#### Data extract
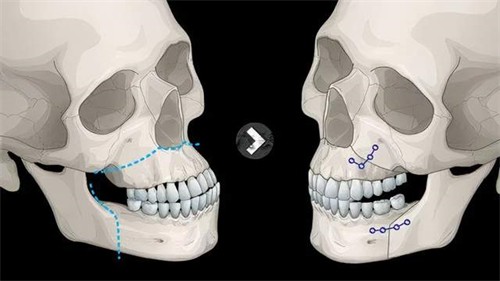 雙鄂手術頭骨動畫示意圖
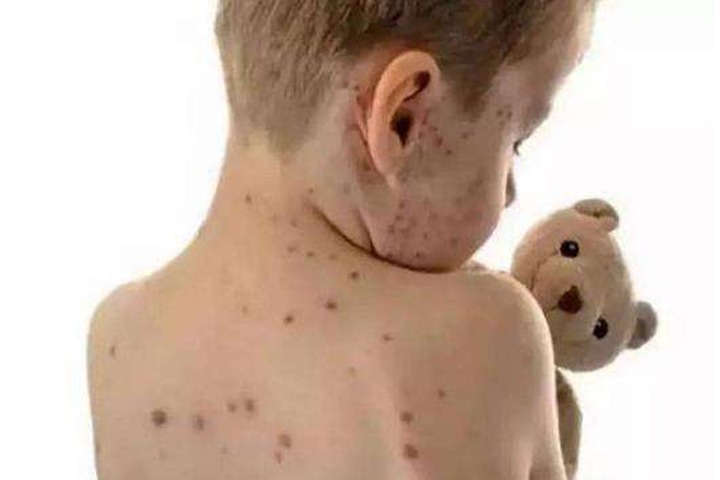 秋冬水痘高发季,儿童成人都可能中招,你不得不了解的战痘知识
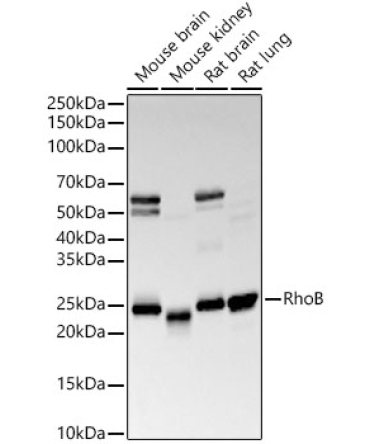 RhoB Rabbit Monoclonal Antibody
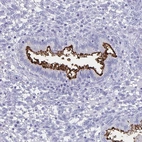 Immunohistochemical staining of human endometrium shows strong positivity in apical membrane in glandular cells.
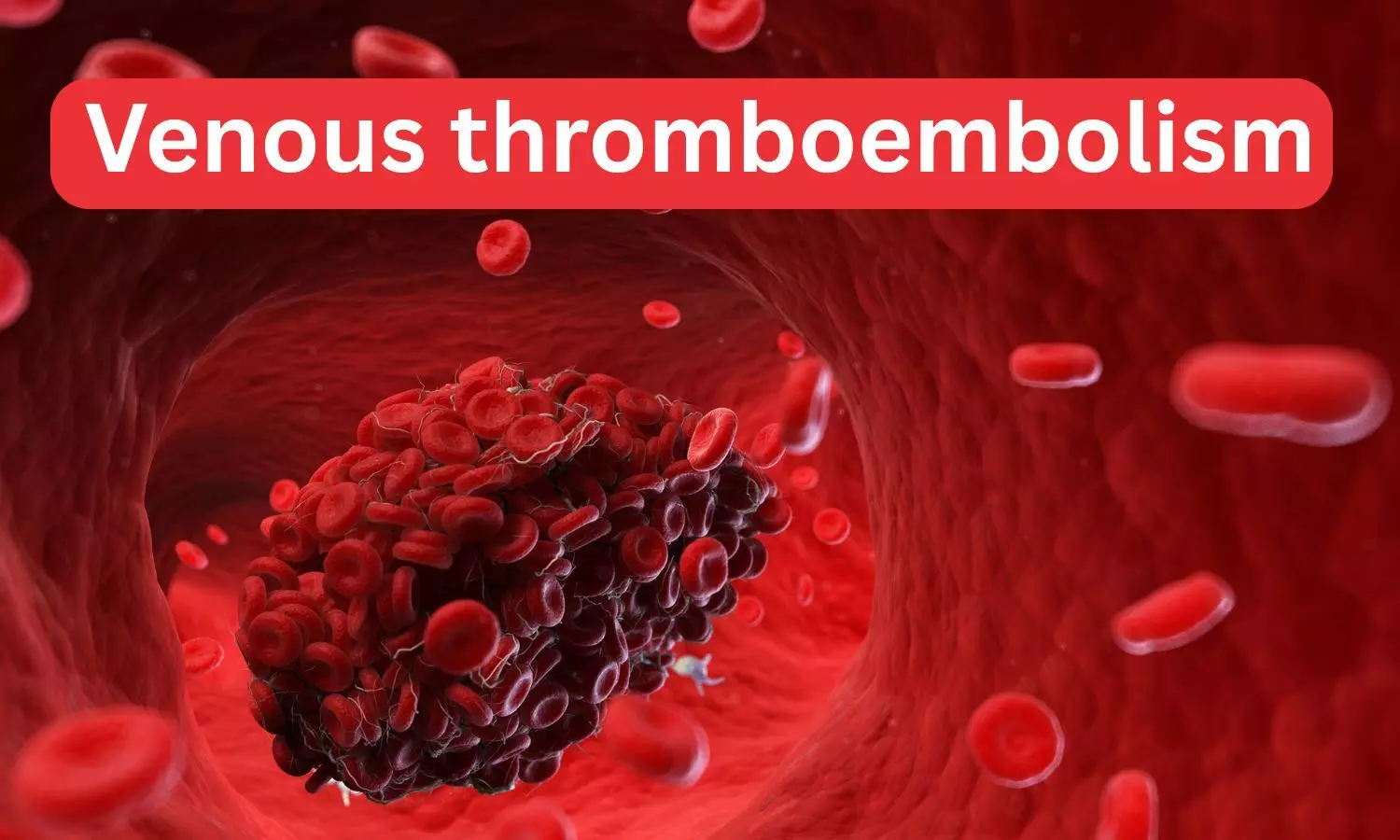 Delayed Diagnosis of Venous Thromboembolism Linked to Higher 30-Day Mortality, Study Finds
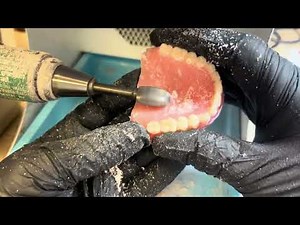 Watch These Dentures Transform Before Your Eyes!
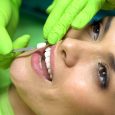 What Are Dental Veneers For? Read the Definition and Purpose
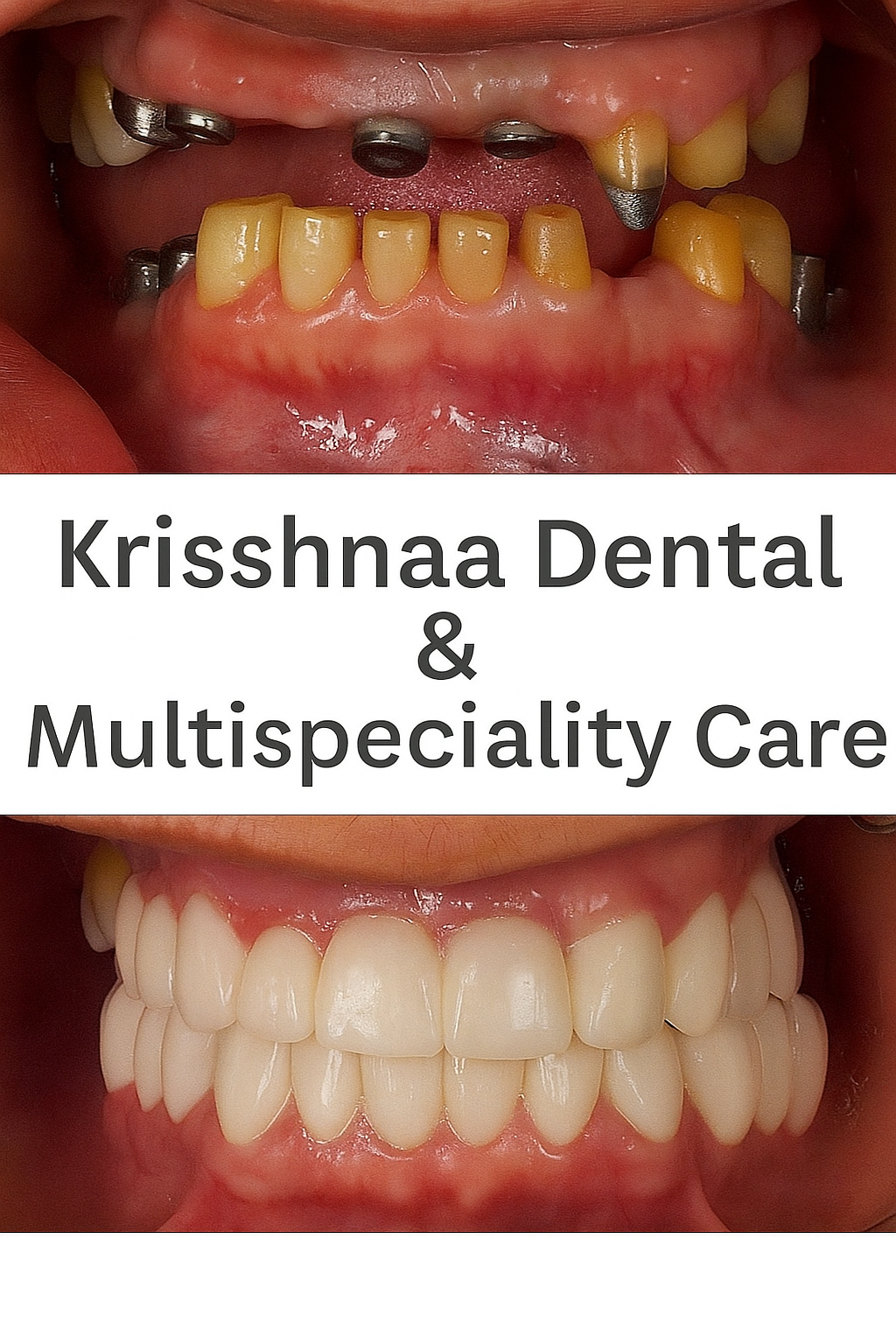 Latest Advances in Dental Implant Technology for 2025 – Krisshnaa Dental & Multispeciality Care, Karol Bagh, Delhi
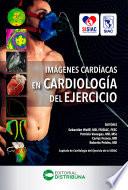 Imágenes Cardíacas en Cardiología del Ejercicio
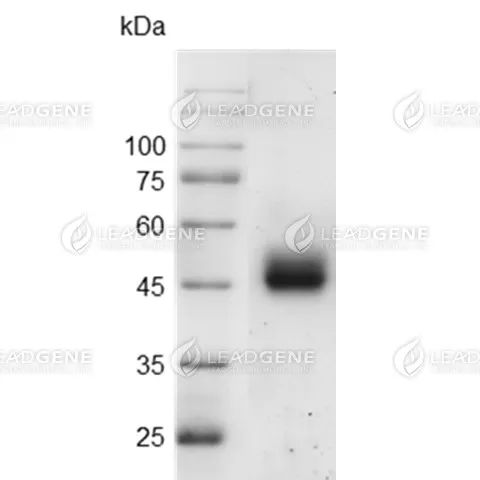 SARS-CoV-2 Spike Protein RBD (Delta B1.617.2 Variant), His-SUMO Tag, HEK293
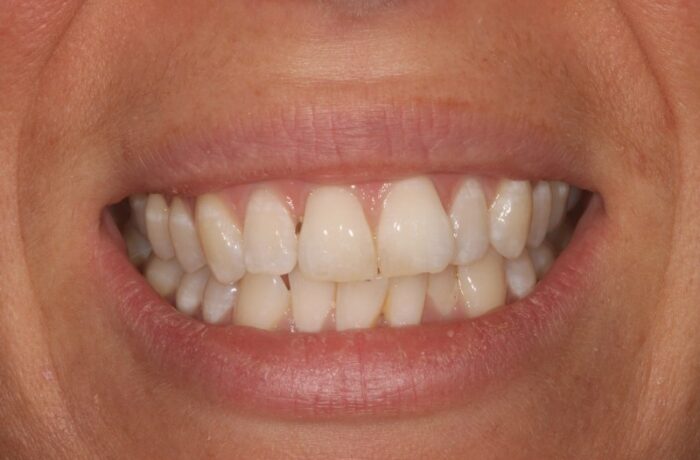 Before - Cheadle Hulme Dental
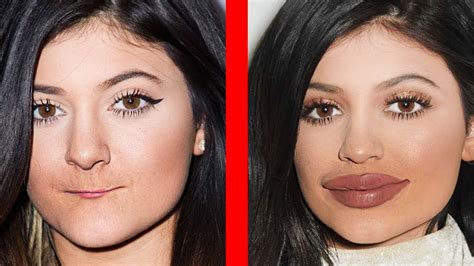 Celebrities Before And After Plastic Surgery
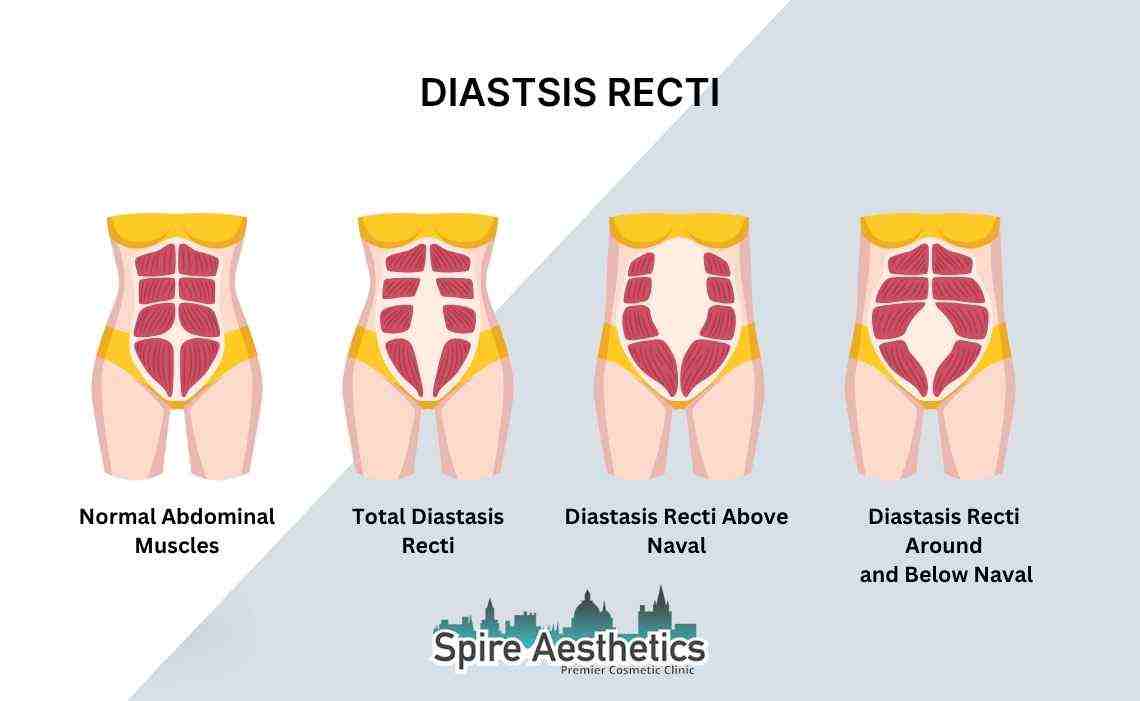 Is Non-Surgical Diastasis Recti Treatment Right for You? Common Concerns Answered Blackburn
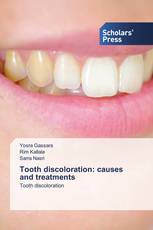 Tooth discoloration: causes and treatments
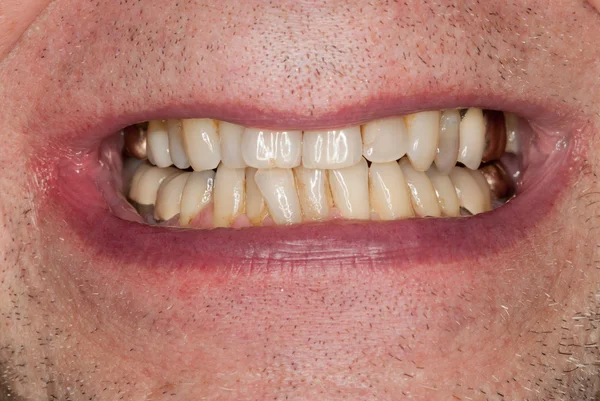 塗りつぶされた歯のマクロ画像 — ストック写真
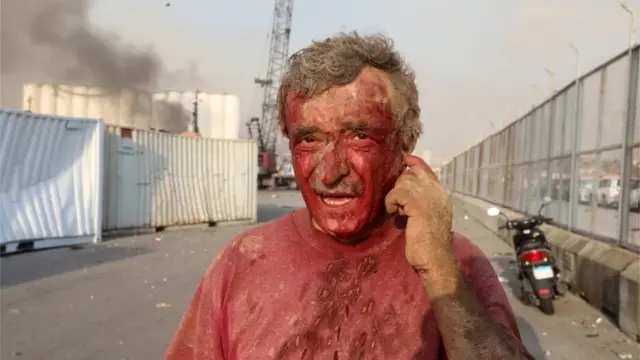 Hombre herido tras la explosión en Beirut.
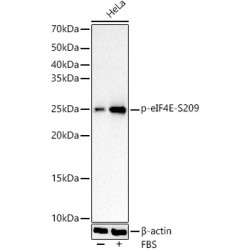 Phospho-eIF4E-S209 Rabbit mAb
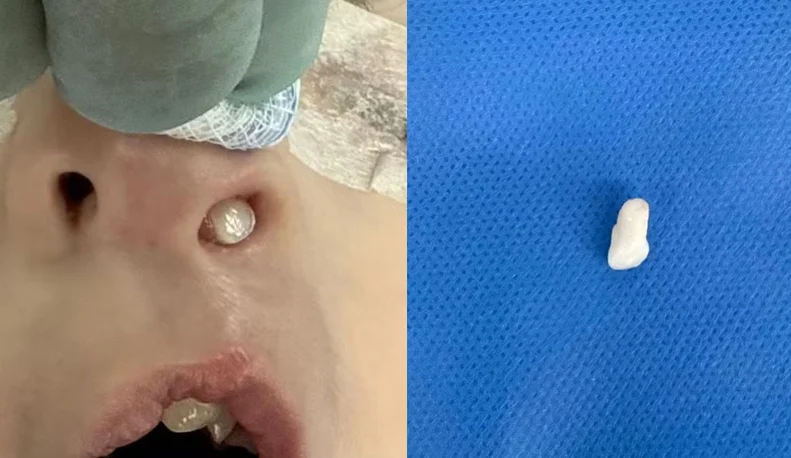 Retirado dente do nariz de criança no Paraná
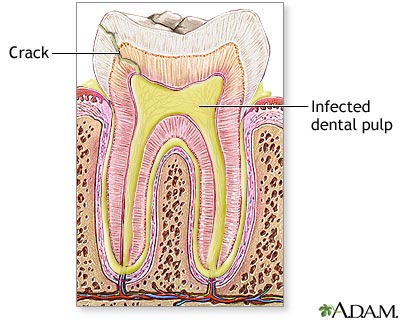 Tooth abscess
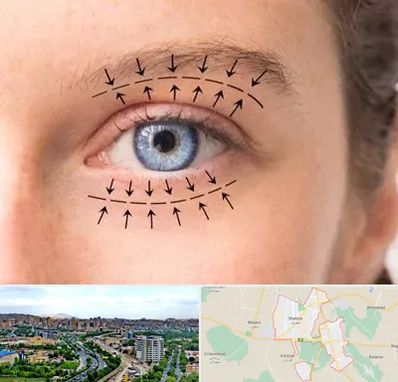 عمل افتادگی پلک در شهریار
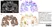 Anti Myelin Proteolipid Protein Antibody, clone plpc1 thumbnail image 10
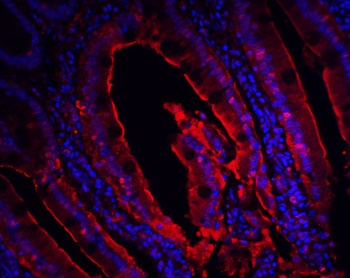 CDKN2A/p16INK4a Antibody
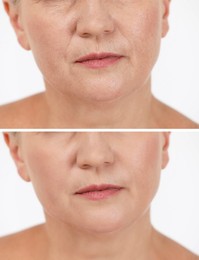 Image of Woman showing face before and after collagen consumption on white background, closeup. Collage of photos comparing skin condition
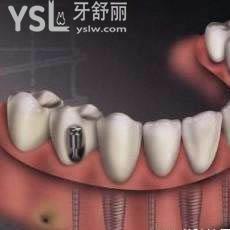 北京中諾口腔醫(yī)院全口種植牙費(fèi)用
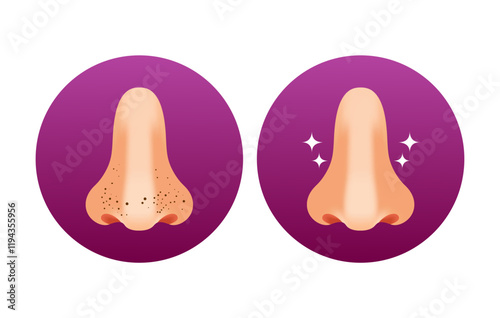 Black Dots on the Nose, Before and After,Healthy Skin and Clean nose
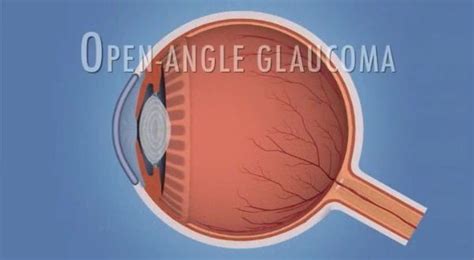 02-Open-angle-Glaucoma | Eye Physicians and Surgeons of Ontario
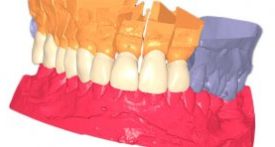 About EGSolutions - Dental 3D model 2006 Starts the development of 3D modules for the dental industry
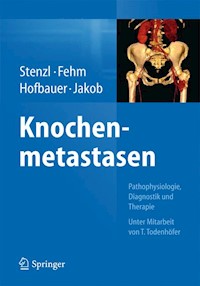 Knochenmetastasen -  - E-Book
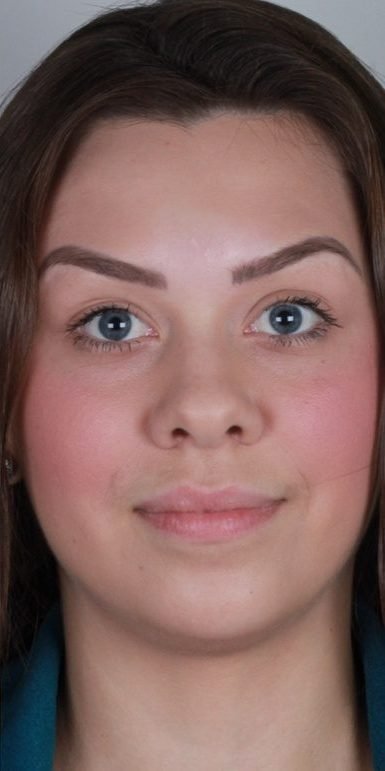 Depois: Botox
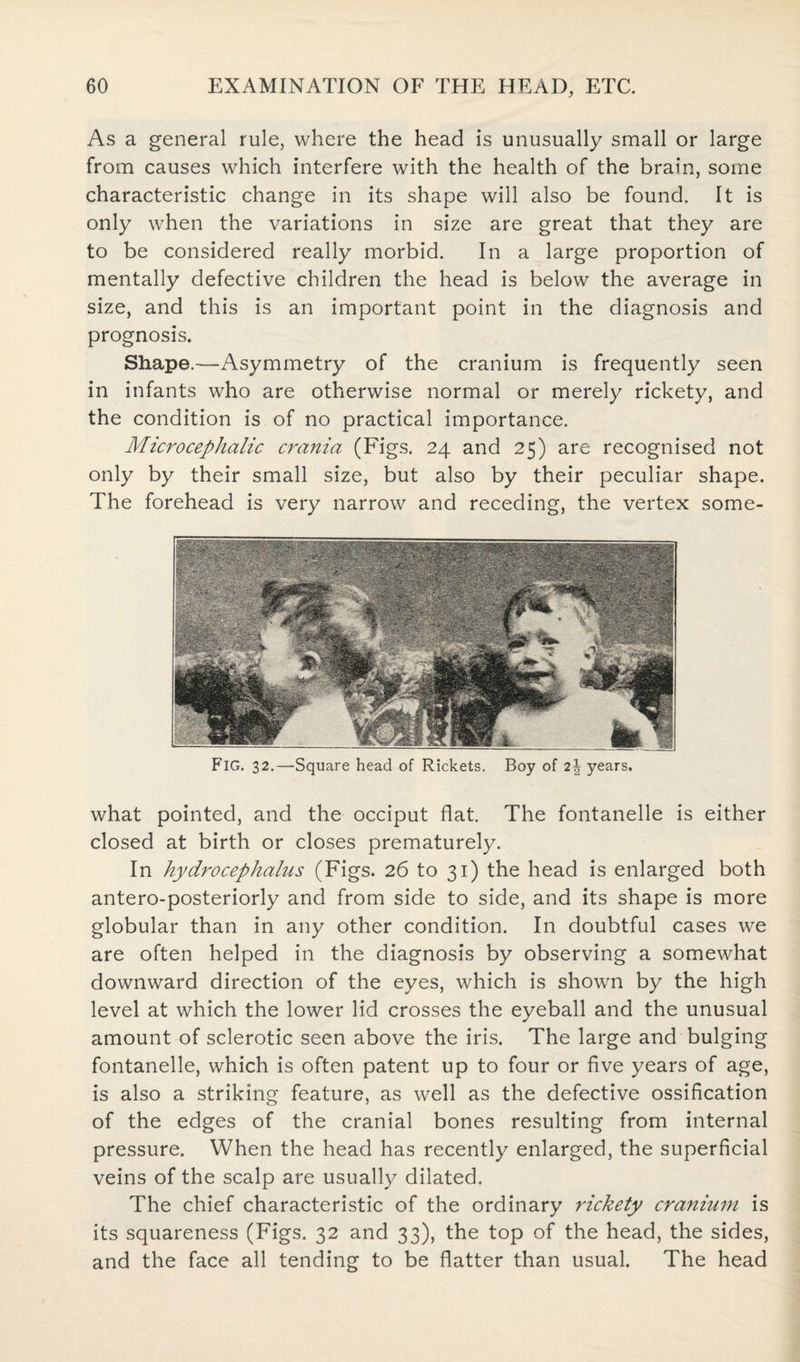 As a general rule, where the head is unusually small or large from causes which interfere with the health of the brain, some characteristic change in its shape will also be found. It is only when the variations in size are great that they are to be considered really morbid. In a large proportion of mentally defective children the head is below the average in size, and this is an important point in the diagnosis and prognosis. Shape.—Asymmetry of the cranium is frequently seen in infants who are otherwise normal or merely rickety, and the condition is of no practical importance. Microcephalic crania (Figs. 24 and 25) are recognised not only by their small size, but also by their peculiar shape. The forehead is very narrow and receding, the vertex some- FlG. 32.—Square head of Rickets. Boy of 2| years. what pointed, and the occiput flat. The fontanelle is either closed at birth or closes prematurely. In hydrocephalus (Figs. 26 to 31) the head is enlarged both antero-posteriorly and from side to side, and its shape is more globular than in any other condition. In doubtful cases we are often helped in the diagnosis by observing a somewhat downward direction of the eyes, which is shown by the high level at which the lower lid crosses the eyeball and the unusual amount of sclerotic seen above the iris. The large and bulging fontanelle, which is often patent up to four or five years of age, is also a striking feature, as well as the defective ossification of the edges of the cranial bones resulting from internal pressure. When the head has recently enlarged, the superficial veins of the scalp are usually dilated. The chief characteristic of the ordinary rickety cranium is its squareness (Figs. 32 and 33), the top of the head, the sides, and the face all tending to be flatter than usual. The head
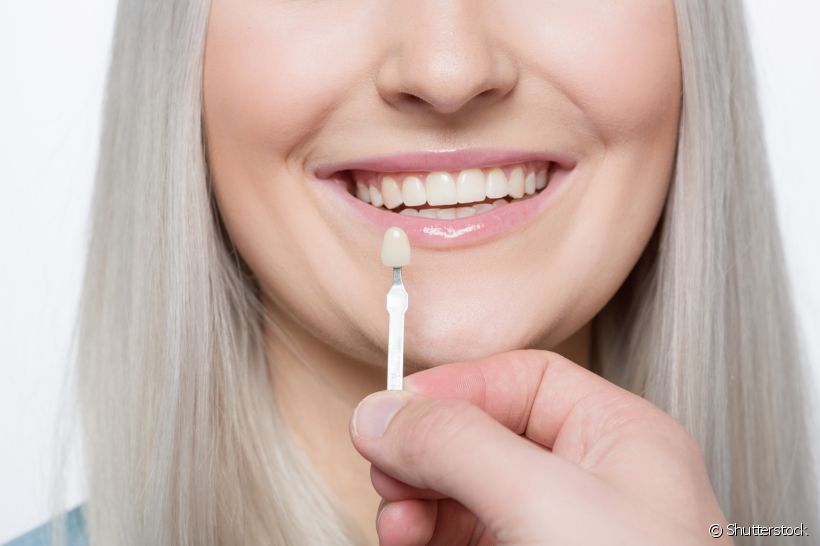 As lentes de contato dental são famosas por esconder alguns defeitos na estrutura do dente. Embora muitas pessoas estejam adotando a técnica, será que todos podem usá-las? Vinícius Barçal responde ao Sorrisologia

#### Description of the task
Each record should be printed again precisely, though not its pictures.

#### Your solution
 雙鄂手術頭骨動畫示意圖
 秋冬水痘高发季,儿童成人都可能中招,你不得不了解的战痘知识
 RhoB Rabbit Monoclonal Antibody
 Immunohistochemical staining of human endometrium shows strong positivity in apical membrane in glandular cells.
 Delayed Diagnosis of Venous Thromboembolism Linked to Higher 30-Day Mortality, Study Finds
 Watch These Dentures Transform Before Your Eyes!
 What Are Dental Veneers For? Read the Definition and Purpose
 Latest Advances in Dental Implant Technology for 2025 – Krisshnaa Dental & Multispeciality Care, Karol Bagh, Delhi
 Imágenes Cardíacas en Cardiología del Ejercicio
 SARS-CoV-2 Spike Protein RBD (Delta B1.617.2 Variant), His-SUMO Tag, HEK293
 Before - Cheadle Hulme Dental
 Celebrities Before And After Plastic Surgery
 Is Non-Surgical Diastasis Recti Treatment Right for You? Common Concerns Answered Blackburn
 Tooth discoloration: causes and treatments
 塗りつぶされた歯のマクロ画像 — ストック写真
 Hombre herido tras la explosión en Beirut.
 Phospho-eIF4E-S209 Rabbit mAb
 Retirado dente do nariz de criança no Paraná
 Tooth abscess
 عمل افتادگی پلک در شهریار
 Anti Myelin Proteolipid Protein Antibody, clone plpc1 thumbnail image 10
 CDKN2A/p16INK4a Antibody
 Image of Woman showing face before and after collagen consumption on white background, closeup. Collage of photos comparing skin condition
 北京中諾口腔醫(yī)院全口種植牙費(fèi)用
 Black Dots on the Nose, Before and After,Healthy Skin and Clean nose
 02-Open-angle-Glaucoma | Eye Physicians and Surgeons of Ontario
 About EGSolutions - Dental 3D model 2006 Starts the development of 3D modules for the dental industry
 Knochenmetastasen -  - E-Book
 Depois: Botox
 As a general rule, where the head is unusually small or large from causes which interfere with the health of the brain, some characteristic change in its shape will also be found. It is only when the variations in size are great that they are to be considered really morbid. In a large proportion of mentally defective children the head is below the average in size, and this is an important point in the diagnosis and prognosis. Shape.—Asymmetry of the cranium is frequently seen in infants who are otherwise normal or merely rickety, and the condition is of no practical importance. Microcephalic crania (Figs. 24 and 25) are recognised not only by their small size, but also by their peculiar shape. The forehead is very narrow and receding, the vertex some- FlG. 32.—Square head of Rickets. Boy of 2| years. what pointed, and the occiput flat. The fontanelle is either closed at birth or closes prematurely. In hydrocephalus (Figs. 26 to 31) the head is enlarged both antero-posteriorly and from side to side, and its shape is more globular than in any other condition. In doubtful cases we are often helped in the diagnosis by observing a somewhat downward direction of the eyes, which is shown by the high level at which the lower lid crosses the eyeball and the unusual amount of sclerotic seen above the iris. The large and bulging fontanelle, which is often patent up to four or five years of age, is also a striking feature, as well as the defective ossification of the edges of the cranial bones resulting from internal pressure. When the head has recently enlarged, the superficial veins of the scalp are usually dilated. The chief characteristic of the ordinary rickety cranium is its squareness (Figs. 32 and 33), the top of the head, the sides, and the face all tending to be flatter than usual. The head
 As lentes de contato dental são famosas por esconder alguns defeitos na estrutura do dente. Embora muitas pessoas estejam adotando a técnica, será que todos podem usá-las? Vinícius Barçal responde ao Sorrisologia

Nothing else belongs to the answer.